Here are some questions to consider when selecting plants for your home:
- Does this plant shed bark, leaves, flowers, etc.? What time of year does the shedding occur? A plant that sheds bark or branches is likely to need more regular maintenance-related cleanup to reduce fuel accumulations on the ground. A plant that has a big leaf or needle drop will result in the need for more maintenance-related cleanup on the property, on the roof, and in rain gutters
- How dense are the foliage and branches, especially closer to the ground? A plant that is more densely structured can capture embers and may be more likely to ignite. It will also be more likely to be easily ignited from a surface fire.
- What are the water and sunlight needs for the plant? How fast does the plant grow?

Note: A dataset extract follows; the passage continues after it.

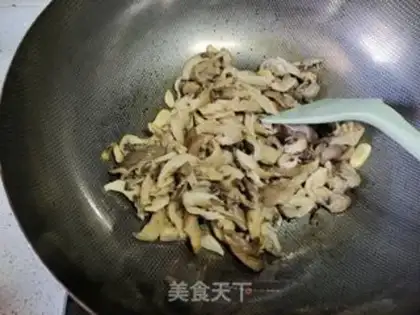 Make Scrambled mushrooms step 5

A plant that grows quickly may exceed growth expectations and require greater maintenance.
- Does the plant have waxes, oils, or resins? A plant with more waxes, oils, and resins will likely be more flammable and release more energy when it burns.
Native plants, pollinator friendly, or drought-tolerant plants can be good choices for those labeled qualities, but these features don’t directly translate to fire-resistance.

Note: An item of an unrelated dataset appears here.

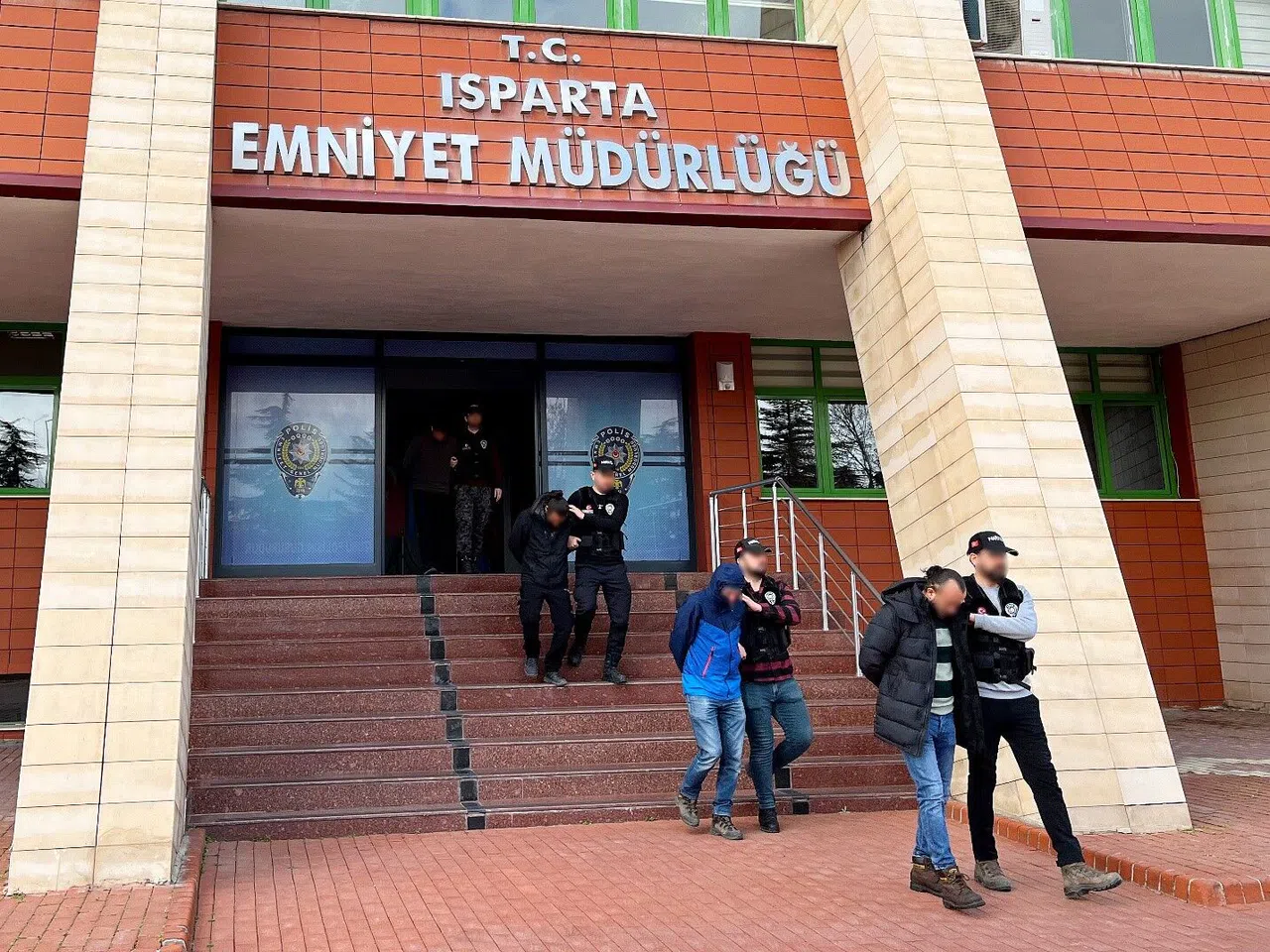 Uyuşturucu operasyonu: 4 şahıs tutuklandı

By increasing the spacing between plants and groups of plants, a fire can be limited or stopped from spreading. Plant spacing includes both horizontal and vertical clearance between plants, as well as between plants and structures. Walking paths and gravel areas can be used between groups of plants to increase their spacing.
Whether a plant ignites depends more on pruning, maintenance, and cleanup than on what type of plant it is. Some plants, such as lavender, may initially have lush, non-woody growth, and then several years later become woody and choked with dead material. Other plants may develop a dead thatch layer under a green surface that is highly combustible.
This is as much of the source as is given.